• [Task statement] Below are lines of data, and only some are wanted. Please repeat exactly those from the line that has "As you can see, I'm" through the line that has "Welcome to the Filmstock".

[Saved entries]
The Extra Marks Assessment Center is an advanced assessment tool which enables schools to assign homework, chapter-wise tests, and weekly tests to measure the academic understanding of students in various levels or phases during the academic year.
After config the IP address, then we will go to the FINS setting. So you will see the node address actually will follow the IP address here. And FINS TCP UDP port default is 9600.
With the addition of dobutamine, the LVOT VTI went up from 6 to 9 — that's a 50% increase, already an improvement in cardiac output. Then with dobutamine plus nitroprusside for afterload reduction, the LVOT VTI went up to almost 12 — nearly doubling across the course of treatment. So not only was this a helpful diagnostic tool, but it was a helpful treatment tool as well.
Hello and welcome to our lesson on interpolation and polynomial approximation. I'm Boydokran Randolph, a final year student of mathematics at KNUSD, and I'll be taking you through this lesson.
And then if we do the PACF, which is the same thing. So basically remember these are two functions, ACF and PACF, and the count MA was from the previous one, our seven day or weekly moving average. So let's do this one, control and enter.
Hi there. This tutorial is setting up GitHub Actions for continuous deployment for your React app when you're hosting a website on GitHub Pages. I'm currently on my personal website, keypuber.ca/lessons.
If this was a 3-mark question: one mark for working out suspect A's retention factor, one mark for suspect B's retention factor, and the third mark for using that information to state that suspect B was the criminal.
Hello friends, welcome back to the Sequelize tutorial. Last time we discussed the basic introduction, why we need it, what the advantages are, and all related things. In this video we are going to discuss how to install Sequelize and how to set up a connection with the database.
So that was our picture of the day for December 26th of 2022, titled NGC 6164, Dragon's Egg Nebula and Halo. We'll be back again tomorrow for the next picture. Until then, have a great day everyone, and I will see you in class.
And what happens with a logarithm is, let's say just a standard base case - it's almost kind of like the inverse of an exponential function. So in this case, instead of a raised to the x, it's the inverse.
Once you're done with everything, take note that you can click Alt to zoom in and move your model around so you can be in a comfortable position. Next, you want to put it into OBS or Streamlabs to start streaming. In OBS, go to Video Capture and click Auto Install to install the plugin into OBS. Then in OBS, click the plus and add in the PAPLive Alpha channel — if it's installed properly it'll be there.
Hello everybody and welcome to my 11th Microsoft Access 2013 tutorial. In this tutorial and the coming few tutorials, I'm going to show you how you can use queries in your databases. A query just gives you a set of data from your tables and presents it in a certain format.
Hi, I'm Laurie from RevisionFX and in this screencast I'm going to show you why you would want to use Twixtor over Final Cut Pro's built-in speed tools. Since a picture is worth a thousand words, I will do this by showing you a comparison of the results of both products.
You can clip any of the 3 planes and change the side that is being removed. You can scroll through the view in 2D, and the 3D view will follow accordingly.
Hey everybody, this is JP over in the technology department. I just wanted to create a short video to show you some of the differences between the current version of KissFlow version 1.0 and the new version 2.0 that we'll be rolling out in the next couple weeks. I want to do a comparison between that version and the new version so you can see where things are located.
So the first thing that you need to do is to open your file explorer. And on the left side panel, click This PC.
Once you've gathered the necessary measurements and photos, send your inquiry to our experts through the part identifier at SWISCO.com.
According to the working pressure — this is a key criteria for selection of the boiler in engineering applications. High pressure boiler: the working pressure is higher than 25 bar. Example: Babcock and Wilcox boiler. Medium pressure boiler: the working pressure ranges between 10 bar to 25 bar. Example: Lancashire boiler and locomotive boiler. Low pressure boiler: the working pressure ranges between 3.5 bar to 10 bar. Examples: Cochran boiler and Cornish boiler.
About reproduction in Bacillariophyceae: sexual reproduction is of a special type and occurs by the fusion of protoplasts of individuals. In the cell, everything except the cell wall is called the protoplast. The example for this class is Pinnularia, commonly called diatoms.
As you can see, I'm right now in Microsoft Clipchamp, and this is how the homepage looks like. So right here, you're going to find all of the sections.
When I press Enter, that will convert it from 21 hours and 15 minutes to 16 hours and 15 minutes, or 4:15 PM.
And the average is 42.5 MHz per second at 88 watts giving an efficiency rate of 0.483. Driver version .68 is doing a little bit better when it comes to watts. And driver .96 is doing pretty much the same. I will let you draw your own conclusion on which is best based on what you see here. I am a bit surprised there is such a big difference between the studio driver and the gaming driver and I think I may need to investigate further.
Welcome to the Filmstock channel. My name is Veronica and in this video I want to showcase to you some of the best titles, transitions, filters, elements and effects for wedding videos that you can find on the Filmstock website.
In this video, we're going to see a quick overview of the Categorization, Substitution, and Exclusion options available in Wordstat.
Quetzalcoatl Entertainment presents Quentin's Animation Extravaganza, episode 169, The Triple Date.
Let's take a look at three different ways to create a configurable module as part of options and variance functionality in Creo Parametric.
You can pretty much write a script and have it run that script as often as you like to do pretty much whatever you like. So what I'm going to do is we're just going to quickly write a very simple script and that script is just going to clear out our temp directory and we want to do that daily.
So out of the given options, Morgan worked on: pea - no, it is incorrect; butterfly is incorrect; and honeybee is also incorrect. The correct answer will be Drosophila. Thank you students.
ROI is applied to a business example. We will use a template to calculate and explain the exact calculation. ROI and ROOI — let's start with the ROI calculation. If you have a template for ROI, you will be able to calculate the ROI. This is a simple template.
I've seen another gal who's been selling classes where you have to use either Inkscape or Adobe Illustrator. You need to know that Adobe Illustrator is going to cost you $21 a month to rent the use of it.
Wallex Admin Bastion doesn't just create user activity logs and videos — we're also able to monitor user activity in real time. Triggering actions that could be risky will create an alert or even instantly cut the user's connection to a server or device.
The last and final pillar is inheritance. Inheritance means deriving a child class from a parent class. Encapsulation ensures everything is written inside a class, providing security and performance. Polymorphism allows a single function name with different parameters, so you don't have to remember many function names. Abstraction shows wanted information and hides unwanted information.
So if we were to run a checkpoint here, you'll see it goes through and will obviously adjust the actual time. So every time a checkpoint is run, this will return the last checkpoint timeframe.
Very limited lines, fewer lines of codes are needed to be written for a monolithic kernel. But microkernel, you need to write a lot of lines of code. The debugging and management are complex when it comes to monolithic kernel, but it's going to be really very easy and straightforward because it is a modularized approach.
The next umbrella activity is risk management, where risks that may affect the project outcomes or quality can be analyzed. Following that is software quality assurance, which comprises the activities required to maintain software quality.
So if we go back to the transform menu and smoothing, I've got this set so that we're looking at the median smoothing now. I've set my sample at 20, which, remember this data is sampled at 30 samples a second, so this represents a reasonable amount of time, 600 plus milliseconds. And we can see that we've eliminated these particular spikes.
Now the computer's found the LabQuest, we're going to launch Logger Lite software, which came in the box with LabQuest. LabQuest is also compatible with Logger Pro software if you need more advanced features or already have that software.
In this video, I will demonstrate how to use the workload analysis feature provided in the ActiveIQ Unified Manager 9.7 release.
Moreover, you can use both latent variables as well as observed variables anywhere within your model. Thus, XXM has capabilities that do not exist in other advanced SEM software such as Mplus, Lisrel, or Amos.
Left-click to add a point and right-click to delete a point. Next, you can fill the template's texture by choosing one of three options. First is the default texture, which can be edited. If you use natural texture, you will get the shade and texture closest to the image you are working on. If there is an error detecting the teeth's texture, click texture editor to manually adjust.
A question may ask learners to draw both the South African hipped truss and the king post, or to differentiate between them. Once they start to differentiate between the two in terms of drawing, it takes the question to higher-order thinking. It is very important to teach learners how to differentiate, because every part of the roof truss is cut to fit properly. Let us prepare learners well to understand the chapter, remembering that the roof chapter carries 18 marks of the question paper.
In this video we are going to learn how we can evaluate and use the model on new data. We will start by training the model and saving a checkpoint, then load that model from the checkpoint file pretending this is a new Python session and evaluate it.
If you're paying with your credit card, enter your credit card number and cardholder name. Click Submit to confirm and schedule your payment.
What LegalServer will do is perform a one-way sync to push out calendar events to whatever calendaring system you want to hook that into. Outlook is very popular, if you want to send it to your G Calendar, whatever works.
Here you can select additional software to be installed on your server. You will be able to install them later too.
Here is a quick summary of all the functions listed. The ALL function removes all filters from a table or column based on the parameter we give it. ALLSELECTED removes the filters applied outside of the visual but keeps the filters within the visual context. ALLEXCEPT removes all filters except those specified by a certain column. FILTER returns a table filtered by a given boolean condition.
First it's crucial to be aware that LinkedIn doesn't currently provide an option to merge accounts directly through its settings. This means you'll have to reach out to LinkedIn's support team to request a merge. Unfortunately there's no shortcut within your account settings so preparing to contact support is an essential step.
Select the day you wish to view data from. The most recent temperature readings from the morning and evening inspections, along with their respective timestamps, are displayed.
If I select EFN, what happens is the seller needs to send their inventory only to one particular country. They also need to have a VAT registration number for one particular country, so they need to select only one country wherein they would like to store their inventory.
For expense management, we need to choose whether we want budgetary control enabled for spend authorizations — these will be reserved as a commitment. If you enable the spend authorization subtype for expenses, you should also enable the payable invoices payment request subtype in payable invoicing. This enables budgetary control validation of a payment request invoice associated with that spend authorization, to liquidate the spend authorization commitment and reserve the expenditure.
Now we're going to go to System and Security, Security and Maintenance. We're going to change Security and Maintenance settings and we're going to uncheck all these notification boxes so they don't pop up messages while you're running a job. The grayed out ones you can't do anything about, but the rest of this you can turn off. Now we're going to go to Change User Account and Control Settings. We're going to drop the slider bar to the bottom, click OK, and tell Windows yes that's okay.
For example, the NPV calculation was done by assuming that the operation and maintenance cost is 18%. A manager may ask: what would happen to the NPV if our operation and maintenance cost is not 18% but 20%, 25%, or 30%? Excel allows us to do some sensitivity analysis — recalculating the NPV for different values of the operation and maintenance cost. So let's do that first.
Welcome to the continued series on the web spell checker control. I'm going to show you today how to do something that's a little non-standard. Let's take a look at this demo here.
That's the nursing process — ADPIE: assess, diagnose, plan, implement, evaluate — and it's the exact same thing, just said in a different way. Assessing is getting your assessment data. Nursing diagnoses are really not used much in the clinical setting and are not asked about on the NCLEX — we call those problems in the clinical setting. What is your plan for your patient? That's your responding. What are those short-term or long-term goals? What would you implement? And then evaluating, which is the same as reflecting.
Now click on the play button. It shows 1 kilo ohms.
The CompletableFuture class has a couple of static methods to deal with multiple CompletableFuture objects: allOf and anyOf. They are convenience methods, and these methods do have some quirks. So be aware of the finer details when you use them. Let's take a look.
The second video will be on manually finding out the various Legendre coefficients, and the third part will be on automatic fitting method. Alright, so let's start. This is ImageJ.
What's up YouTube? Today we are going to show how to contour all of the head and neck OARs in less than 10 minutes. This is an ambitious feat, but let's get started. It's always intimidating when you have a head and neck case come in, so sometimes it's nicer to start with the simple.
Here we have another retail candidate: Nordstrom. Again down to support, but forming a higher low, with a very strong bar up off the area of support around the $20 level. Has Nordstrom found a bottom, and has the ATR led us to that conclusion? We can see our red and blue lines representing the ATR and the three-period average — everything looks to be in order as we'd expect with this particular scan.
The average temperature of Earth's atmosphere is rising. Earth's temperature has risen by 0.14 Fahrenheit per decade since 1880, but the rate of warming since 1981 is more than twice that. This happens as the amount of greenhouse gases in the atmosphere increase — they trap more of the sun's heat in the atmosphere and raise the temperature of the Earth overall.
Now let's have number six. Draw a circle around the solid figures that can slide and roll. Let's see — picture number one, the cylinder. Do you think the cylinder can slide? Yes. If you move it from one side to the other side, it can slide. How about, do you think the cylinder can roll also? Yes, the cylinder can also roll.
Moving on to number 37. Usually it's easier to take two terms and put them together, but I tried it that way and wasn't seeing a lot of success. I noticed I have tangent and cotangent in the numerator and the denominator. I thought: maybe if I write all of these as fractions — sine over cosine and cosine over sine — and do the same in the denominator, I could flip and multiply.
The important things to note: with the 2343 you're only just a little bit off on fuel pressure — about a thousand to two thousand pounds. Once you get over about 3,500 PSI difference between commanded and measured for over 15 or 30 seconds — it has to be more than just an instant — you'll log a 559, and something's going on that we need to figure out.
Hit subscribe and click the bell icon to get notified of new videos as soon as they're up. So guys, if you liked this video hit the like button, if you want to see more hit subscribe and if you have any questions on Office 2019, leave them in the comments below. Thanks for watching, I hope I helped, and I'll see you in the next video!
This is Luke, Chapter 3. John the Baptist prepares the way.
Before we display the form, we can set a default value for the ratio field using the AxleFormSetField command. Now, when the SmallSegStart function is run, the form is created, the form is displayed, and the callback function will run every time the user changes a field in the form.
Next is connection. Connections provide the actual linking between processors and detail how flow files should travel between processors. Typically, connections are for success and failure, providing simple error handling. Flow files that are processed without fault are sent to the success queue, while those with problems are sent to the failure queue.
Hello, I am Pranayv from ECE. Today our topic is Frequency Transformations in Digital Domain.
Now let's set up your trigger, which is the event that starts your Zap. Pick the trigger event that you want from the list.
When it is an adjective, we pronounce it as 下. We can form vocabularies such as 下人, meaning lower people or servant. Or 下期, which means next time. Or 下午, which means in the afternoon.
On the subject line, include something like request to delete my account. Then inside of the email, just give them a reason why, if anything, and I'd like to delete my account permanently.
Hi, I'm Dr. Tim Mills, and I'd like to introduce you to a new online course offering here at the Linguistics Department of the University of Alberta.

• [Exercise result]
As you can see, I'm right now in Microsoft Clipchamp, and this is how the homepage looks like. So right here, you're going to find all of the sections.
When I press Enter, that will convert it from 21 hours and 15 minutes to 16 hours and 15 minutes, or 4:15 PM.
And the average is 42.5 MHz per second at 88 watts giving an efficiency rate of 0.483. Driver version .68 is doing a little bit better when it comes to watts. And driver .96 is doing pretty much the same. I will let you draw your own conclusion on which is best based on what you see here. I am a bit surprised there is such a big difference between the studio driver and the gaming driver and I think I may need to investigate further.
Welcome to the Filmstock channel. My name is Veronica and in this video I want to showcase to you some of the best titles, transitions, filters, elements and effects for wedding videos that you can find on the Filmstock website.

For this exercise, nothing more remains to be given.